Verifying gradients and Hessians

If you have computed a gradient or differential and you are not sure whether it is correct.

Manopt.check_HessianFunction
check_Hessian(M, f, grad_f, Hess_f, p=rand(M), X=rand(M; vector_at=p), Y=rand(M, vector_at=p); kwargs...)

Verify numerically whether the Hessian $\operatorname{Hess} f(M,p, X)$ of f(M,p) is correct.

For this either a second-order retraction or a critical point $p$ of f is required. The approximation is then

\[f(\operatorname{retr}_p(tX)) = f(p) + t⟨\operatorname{grad} f(p), X⟩ + \frac{t^2}{2}⟨\operatorname{Hess}f(p)[X], X⟩ + \mathcal O(t^3)\]

or in other words, that the error between the function $f$ and its second order Taylor behaves in error $\mathcal O(t^3)$, which indicates that the Hessian is correct, cf. also [Bou23, Section 6.8].

Note that if the errors are below the given tolerance and the method is exact, no plot is generated.

Keyword arguments

  • check_grad: (true) verify that $\operatorname{grad} f(p) ∈ T_p\mathcal M$.

  • check_linearity: (true) verify that the Hessian is linear, see is_Hessian_linear using a, b, X, and Y

  • check_symmetry: (true) verify that the Hessian is symmetric, see is_Hessian_symmetric

  • check_vector: (false) verify that $\operatorname{Hess} f(p)[X] ∈ T_p\mathcal M$ using is_vector.

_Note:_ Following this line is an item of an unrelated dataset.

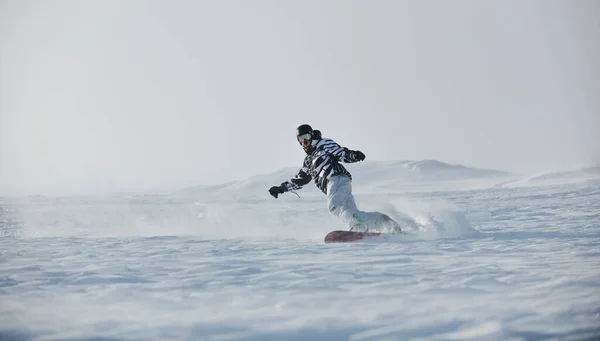 Freestyle Snowboarder Salto Passeio — Fotografia de Stock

  • mode: (:Default) specify the mode for the verification; the default assumption is, that the retraction provided is of second order. Otherwise one can also verify the Hessian if the point p is a critical point. THen set the mode to :CritalPoint to use gradient_descent to find a critical point. Note: this requires (and evaluates) new tangent vectors X and Y

  • atol, rtol: (same defaults as isapprox) tolerances that are passed down to all checks

  • a, b two real values to verify linearity of the Hessian (if check_linearity=true)

  • N: (101) number of points to verify within the log_range default range $[10^{-8},10^{0}]$

  • exactness_tol: (1e-12) if all errors are below this tolerance, the verification is considered to be exact

  • io: (nothing) provide an IO to print the result to

  • gradient: (grad_f(M, p)) instead of the gradient function you can also provide the gradient at p directly

  • Hessian: (Hess_f(M, p, X)) instead of the Hessian function you can provide the result of $\operatorname{Hess} f(p)[X]$ directly. Note that evaluations of the Hessian might still be necessary for checking linearity and symmetry and/or when using :CriticalPoint mode.

  • limits: ((1e-8,1)) specify the limits in the log_range

  • log_range: (range(limits[1], limits[2]; length=N)) specify the range of points (in log scale) to sample the Hessian line

  • N: (101) number of points to use within the log_range default range $[10^{-8},10^{0}]$

  • plot: (false) whether to plot the resulting verification (requires Plots.jl to be loaded). The plot is in log-log-scale. This is returned and can then also be saved.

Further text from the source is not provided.